● **THE PROBLEM**:
Down to the last line, set down the listing below exactly, apart from its pictures.

━━━━━━

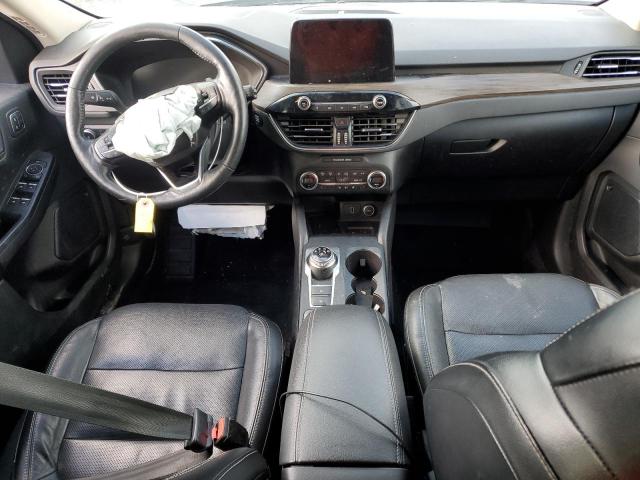 Photo 8 from auction – 2020 FORD ESCAPE TIT with VIN 1FMCU9J90LUB16133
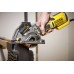 Stanley FME380K FatMax Kompaktná univerzálna ručná okružná píla 89mm, 650W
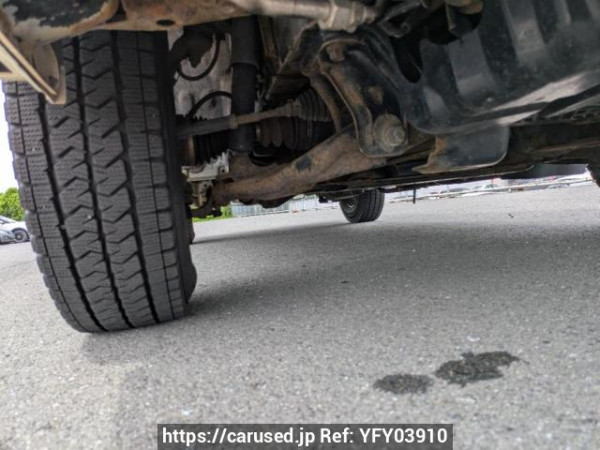Used 2006 AT toyota hiace-van KDH205K Image[30]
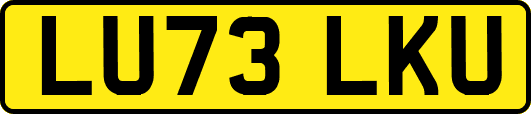 LU73LKU
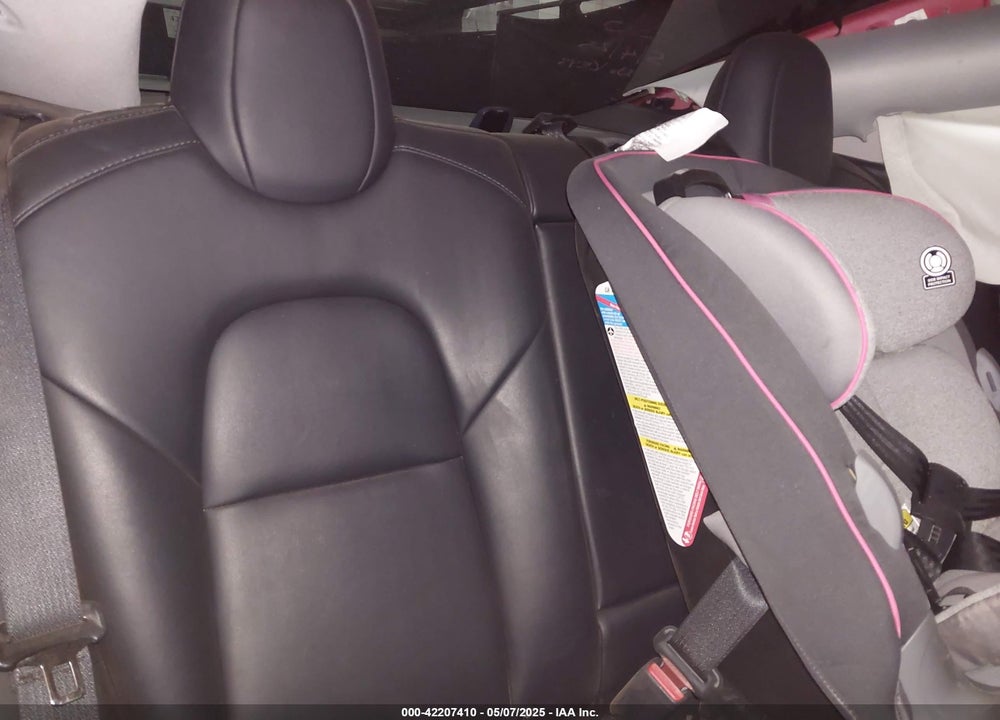 2022 TESLA MODEL 3 REAR-WHEEL DRIVE VIN: 5YJ3E1EA8NF188927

━━━━━━

● **TASK OUTPUT**:
 Photo 8 from auction – 2020 FORD ESCAPE TIT with VIN 1FMCU9J90LUB16133
 Stanley FME380K FatMax Kompaktná univerzálna ručná okružná píla 89mm, 650W
Used 2006 AT toyota hiace-van KDH205K Image[30]
 LU73LKU
 2022 TESLA MODEL 3 REAR-WHEEL DRIVE VIN: 5YJ3E1EA8NF188927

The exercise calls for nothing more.